Soma Golden Behr in 2007, hosting an event for The New York Times Scholarship Program. As the newspaper’s national editor and an assistant managing editor, she helped shepherd Pulitzer Prize-winning series.Credit...Michelle V. Agins/The New York Times

Soma Golden Behr, a longtime senior editor at The New York Times who was a centrifuge of story ideas — they flew out of her in all directions — and whose journalistic passions were poverty, race and class, which led to reporting that won Pulitzer Prizes, died on Sunday in Manhattan. She was 84.

Her husband, William A. Behr, said her death, in the palliative care unit of Mount Sinai Hospital, came after breast cancer had spread to other organs.

Ms.
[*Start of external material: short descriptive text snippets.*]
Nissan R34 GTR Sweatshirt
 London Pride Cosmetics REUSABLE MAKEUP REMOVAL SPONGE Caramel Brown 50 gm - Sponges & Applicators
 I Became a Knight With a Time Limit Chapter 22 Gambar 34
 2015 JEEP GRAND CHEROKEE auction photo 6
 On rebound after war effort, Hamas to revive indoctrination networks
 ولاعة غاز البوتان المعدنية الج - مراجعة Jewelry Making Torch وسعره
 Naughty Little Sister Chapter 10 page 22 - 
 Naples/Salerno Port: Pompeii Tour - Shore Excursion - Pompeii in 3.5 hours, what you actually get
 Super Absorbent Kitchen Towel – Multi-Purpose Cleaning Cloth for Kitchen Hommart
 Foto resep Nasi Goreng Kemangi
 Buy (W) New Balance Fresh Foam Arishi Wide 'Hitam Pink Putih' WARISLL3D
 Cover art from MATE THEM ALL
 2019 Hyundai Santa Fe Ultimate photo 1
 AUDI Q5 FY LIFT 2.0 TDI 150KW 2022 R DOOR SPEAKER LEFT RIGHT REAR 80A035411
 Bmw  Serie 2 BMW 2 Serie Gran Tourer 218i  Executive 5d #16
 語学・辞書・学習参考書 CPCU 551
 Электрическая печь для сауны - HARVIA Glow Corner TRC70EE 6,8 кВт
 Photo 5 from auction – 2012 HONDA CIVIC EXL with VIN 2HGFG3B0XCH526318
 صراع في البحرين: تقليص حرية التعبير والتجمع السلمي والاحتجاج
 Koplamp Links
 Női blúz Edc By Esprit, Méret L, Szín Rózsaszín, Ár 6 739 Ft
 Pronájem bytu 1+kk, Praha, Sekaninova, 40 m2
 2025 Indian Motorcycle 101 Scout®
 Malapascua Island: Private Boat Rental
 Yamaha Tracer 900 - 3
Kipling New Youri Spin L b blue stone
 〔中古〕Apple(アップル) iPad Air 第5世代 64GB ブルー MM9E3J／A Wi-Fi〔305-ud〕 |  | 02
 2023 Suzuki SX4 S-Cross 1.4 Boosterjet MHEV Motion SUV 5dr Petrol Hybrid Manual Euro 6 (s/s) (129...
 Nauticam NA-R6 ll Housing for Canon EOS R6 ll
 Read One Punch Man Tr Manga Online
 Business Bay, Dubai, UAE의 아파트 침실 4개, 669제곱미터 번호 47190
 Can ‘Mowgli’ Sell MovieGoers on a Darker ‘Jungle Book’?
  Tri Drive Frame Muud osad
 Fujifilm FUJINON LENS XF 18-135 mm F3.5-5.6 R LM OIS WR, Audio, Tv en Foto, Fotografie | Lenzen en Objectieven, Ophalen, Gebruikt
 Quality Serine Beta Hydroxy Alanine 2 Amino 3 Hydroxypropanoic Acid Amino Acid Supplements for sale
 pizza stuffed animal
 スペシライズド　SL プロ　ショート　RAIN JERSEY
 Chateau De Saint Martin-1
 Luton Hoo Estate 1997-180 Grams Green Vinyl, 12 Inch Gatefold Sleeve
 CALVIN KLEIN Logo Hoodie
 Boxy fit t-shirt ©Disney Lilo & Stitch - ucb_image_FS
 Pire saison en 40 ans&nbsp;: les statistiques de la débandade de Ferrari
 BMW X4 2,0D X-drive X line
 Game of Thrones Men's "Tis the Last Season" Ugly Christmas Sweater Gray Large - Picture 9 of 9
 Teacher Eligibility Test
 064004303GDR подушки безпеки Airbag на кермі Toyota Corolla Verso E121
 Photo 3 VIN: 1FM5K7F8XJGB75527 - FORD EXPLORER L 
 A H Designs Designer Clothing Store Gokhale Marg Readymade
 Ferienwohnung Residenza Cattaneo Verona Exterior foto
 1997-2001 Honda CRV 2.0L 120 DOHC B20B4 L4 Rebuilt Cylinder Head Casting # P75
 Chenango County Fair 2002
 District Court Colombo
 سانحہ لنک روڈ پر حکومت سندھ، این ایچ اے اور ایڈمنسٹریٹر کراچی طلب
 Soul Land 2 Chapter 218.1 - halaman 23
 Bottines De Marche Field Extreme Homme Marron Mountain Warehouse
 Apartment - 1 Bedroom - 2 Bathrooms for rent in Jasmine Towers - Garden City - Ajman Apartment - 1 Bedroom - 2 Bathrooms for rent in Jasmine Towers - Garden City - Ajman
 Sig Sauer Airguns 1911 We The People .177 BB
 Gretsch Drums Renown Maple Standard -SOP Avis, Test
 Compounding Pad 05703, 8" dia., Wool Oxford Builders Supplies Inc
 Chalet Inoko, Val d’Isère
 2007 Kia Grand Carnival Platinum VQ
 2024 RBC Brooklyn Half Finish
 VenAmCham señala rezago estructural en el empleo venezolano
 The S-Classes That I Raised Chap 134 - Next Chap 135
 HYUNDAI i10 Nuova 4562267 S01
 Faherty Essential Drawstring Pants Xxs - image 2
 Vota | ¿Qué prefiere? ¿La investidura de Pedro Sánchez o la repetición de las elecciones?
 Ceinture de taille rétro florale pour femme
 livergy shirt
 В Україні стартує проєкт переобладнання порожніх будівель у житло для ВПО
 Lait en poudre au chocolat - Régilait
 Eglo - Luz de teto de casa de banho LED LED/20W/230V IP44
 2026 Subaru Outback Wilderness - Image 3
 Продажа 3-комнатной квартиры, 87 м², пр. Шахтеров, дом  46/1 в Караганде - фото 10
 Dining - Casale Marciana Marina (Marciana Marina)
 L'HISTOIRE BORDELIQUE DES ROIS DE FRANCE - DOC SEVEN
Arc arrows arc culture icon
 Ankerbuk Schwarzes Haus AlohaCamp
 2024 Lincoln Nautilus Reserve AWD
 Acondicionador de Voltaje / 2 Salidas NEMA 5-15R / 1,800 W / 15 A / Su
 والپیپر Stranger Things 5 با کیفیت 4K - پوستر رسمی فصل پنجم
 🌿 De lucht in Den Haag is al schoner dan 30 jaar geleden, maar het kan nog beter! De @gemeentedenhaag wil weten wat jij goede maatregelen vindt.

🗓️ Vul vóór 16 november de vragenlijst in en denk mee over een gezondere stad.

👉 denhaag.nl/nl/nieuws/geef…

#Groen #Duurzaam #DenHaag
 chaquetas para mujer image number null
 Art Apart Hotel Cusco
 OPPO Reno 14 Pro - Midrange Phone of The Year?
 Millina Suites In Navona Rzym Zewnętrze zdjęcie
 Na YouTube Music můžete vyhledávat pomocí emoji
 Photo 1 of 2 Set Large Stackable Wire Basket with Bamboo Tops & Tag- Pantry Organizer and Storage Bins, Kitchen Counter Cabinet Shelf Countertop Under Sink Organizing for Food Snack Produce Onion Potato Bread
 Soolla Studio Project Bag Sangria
Golden Behr, whose economics degree from Radcliffe led to a lifetime interest in issues involving inequality, was instrumental in overseeing several major series for The Times that examined class and racial divides. Each enlisted squads of reporters, photographers and editors for intensive, sometimes yearlong assignments.

“How Race Is Lived in America,” overseen with Gerald M. Boyd, who would become The Times’s first Black managing editor, peeled away the conventional wisdom that the country at the turn of the 21st century had become “post-racial.” Its deep dives into an integrated church, the military, a slaughterhouse and elsewhere won the paper the Pulitzer Prize for national reporting in 2001.

Another series, “Class in America,” published in 2005, was an examination of how social class, often unspoken, produced glaring imbalances in society. Both the race and the class series were subsequently published as books.

Earlier, in 1993, Ms. Golden Behr had overseen a 10-part series, “Children of the Shadows,” which pushed past stereotypes of young people in inner cities. The reporter Isabel Wilkerson won a Pulitzer in feature writing for her searing portrait in that series of a 10-year-old boy caring for four siblings.